Yesterday, a high-level source told ABC News that the disgraced former Tour de France champion is under active federal investigation—this time for crimes including obstruction of justice, witness tampering and intimidation, all in relation to his previous criminal investigation, which ended abrupty last year.

U.S. Attorney for Southern California Andre Birotte investigated Armstrong for two years—gathering evidence of crimes that reportedly included drug distribution, fraud and conspiracy—before suddenly, and without explanation, dropping the case on Feb. 3, 2012. At the time, baffled sources said that agents had recommended an indictment in the case, and had no idea why it was abandoned.

The news of the current investigation came, coincidentally, on the same day that Birotte broke his yearlong silence regarding Armstrong. During an unrelated Dept. of Justice news conference, a member of the media asked whether the recent Oprah interviews—during which Armstrong admitted to some of the crimes Birotte was investigating him for—changed his outlook on the case.

"We made a decision on that case, I believe, a little over a year ago," Birotte said. "Obviously, we've been well aware of the statements that have been made by Mr. Armstrong and other media reports. That has not changed my view at this time. Obviously, we'll consider, we'll continue to look at the situation, but that hasn't changed our view as I stand here today."

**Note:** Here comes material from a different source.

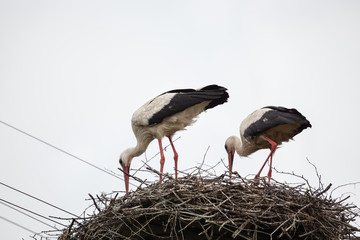 Two adult white storks in the slot synchronously tilted the heads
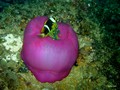 Manta Point's Fish: Clown,Anemon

But ABC's source, who spoke on condition of anonymity, said that Birotte was unaware of the new criminal investigation, which is being run out of another office. Also, he added, the Feds are no longer concerned with his use of performance-enhancing drugs, but rather his alleged interference with witnesses in that case.

What's all this mean for Lance? Well, if this one is brought to trial, probably many more uncomfortable, public "interviews"; further evidence that Armstrong is, as he asserted in his Oprah sessions, a "bully"; and, depending on how it all shakes out, big fines and possibly jail time for the former star. Yikes!

Also in Lance Armstrong news, today marks his last chance to tell all under oath. If he doesn't, the U.S. Anti-Doping Agency says he'll lose any chance of lessening his lifetime ban from sport.